» **Provided records**:
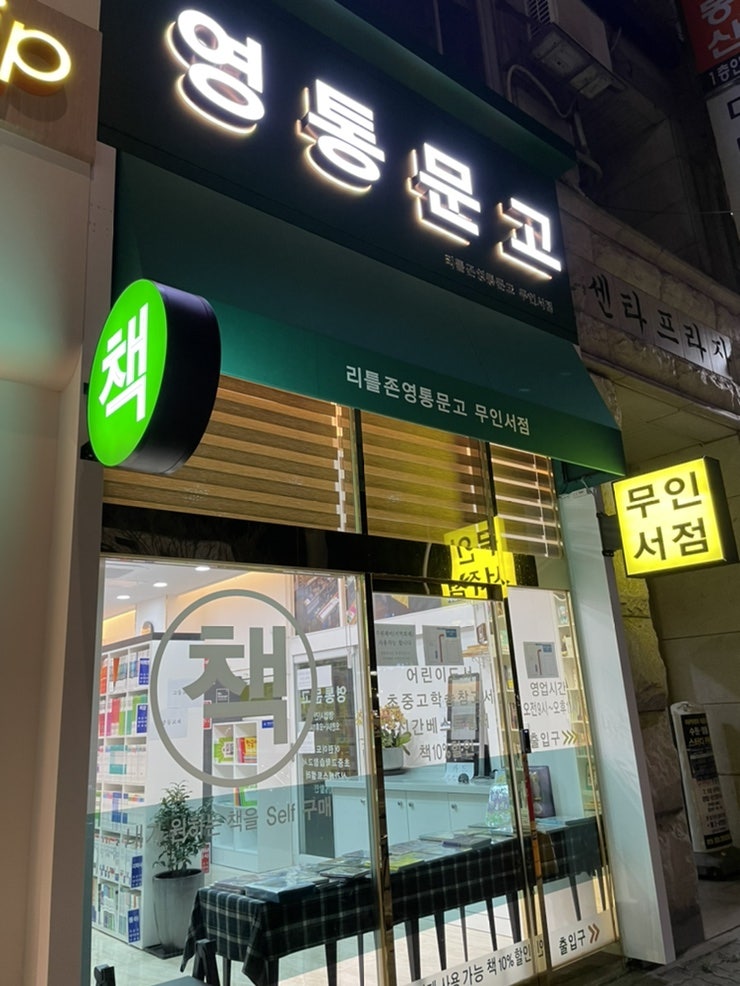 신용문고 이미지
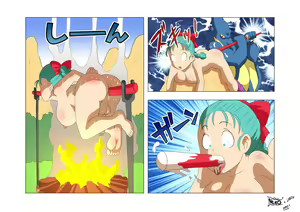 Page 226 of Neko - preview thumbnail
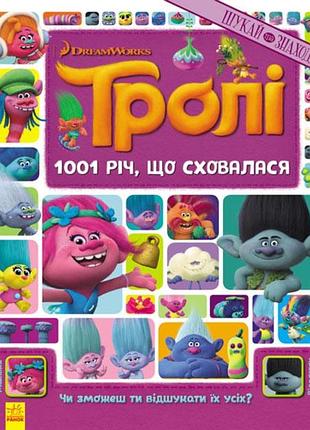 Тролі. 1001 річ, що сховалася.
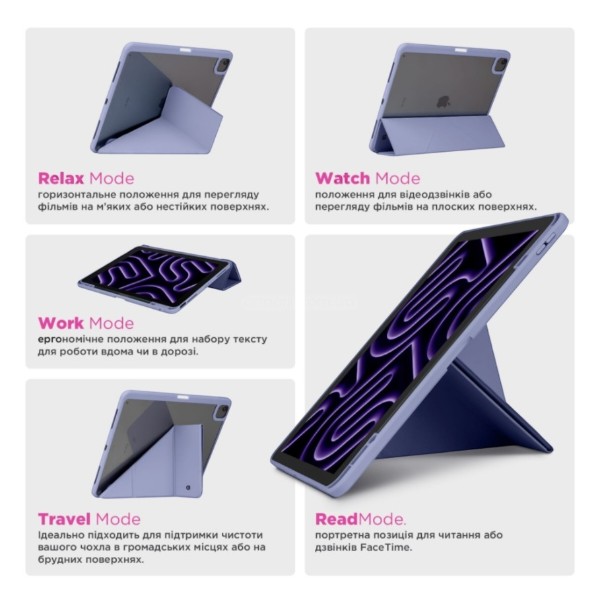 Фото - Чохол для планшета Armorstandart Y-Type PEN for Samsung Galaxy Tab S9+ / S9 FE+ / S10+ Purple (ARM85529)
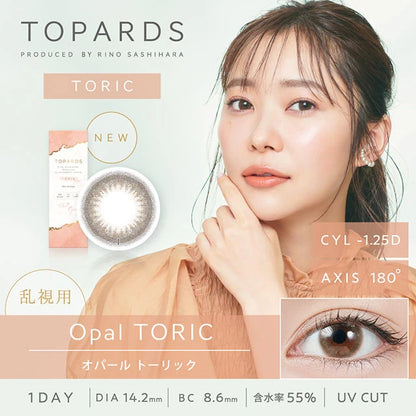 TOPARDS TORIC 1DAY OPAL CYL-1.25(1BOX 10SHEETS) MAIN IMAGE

==

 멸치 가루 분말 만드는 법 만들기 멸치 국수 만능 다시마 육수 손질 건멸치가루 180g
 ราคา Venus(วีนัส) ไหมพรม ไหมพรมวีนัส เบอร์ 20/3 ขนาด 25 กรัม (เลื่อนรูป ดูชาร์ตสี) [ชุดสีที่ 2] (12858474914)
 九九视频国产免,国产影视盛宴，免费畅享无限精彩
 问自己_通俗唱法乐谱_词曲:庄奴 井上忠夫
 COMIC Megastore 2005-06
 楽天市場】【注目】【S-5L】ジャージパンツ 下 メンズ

--

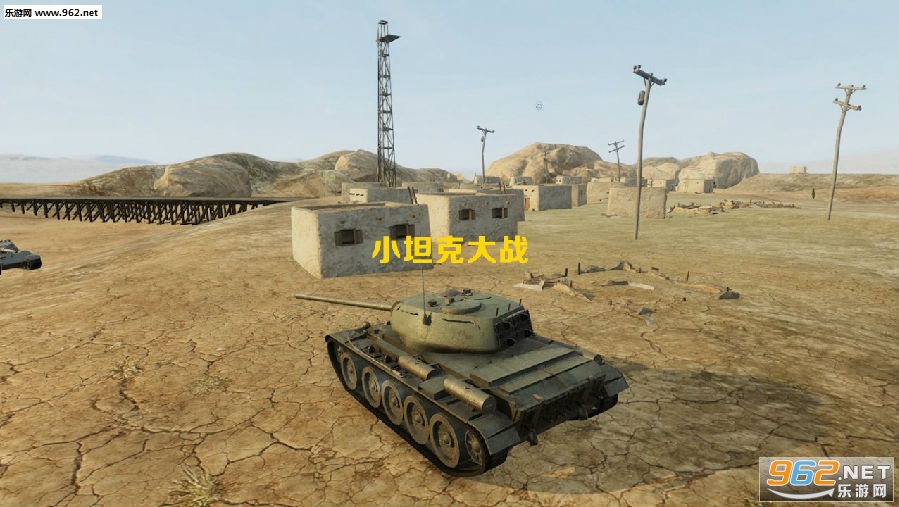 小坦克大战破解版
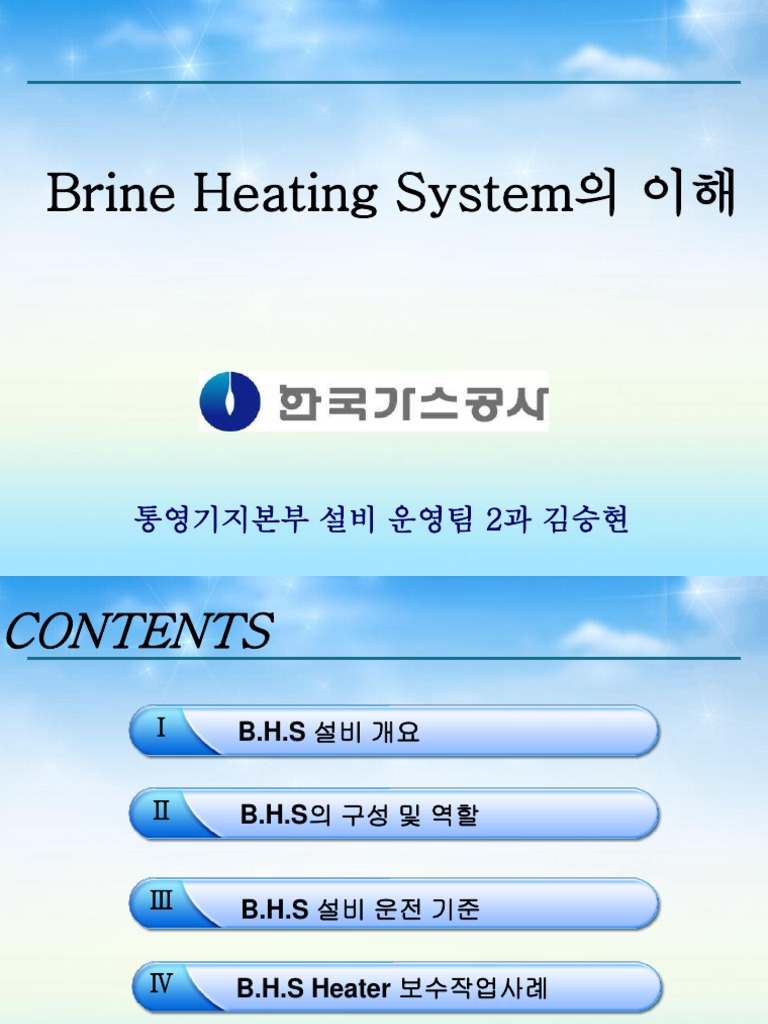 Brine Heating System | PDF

» **Problem to solve**:
Whatever pictures the records hold, omit them; give again exactly the lines from the one containing "Фото - Чохол" through the one containing "TOPARDS TORIC 1DAY".

» **Response for this exercise**:
 Фото - Чохол для планшета Armorstandart Y-Type PEN for Samsung Galaxy Tab S9+ / S9 FE+ / S10+ Purple (ARM85529)
 TOPARDS TORIC 1DAY OPAL CYL-1.25(1BOX 10SHEETS) MAIN IMAGE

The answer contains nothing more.